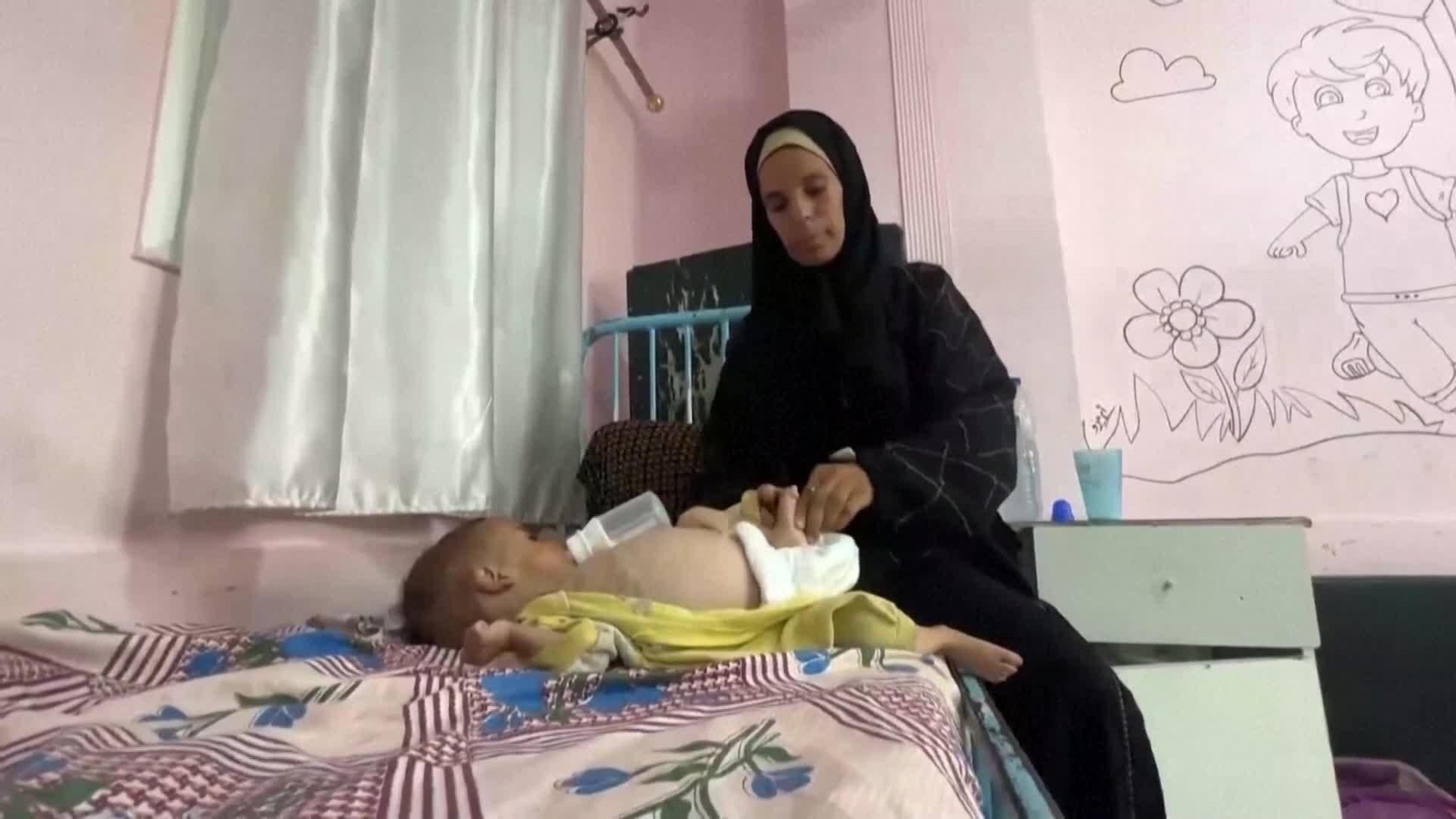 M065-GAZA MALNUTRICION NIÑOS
▬▬▬▬▬▬
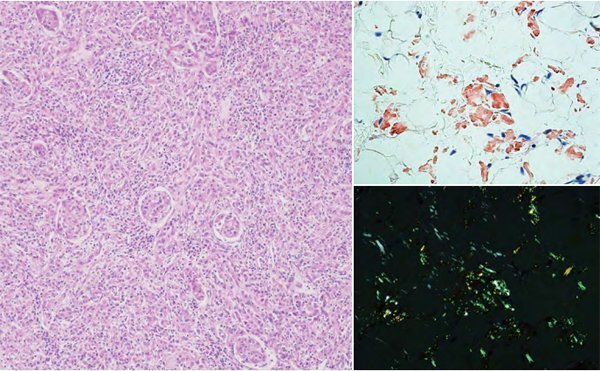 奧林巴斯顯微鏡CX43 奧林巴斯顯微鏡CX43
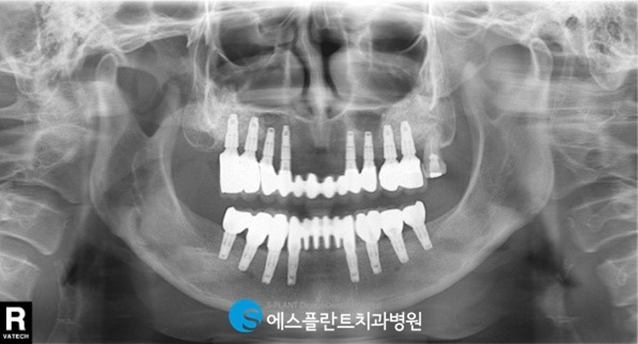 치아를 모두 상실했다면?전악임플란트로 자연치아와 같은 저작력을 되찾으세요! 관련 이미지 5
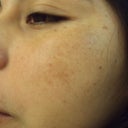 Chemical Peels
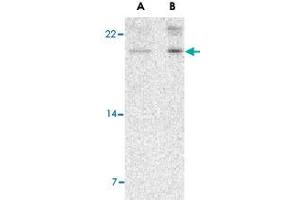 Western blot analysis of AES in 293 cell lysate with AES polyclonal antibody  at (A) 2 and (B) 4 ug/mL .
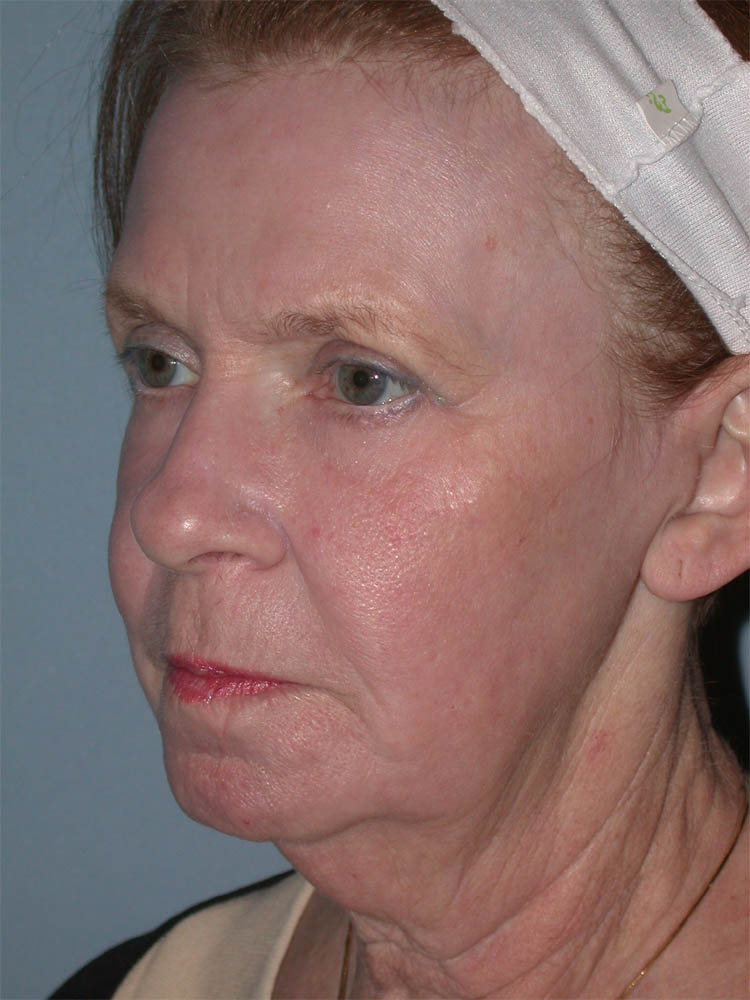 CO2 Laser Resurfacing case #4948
▬▬▬▬▬▬
Exercise directions: Return only the stretch above from the line containing "奧林巴斯顯微鏡CX43 奧林巴斯顯微鏡CX43" through the line containing "CO2 Laser Resurfacing case #4948", word for word and without pictures.

Solution:
 奧林巴斯顯微鏡CX43 奧林巴斯顯微鏡CX43
 치아를 모두 상실했다면?전악임플란트로 자연치아와 같은 저작력을 되찾으세요! 관련 이미지 5
 Chemical Peels
 Western blot analysis of AES in 293 cell lysate with AES polyclonal antibody  at (A) 2 and (B) 4 ug/mL .
 CO2 Laser Resurfacing case #4948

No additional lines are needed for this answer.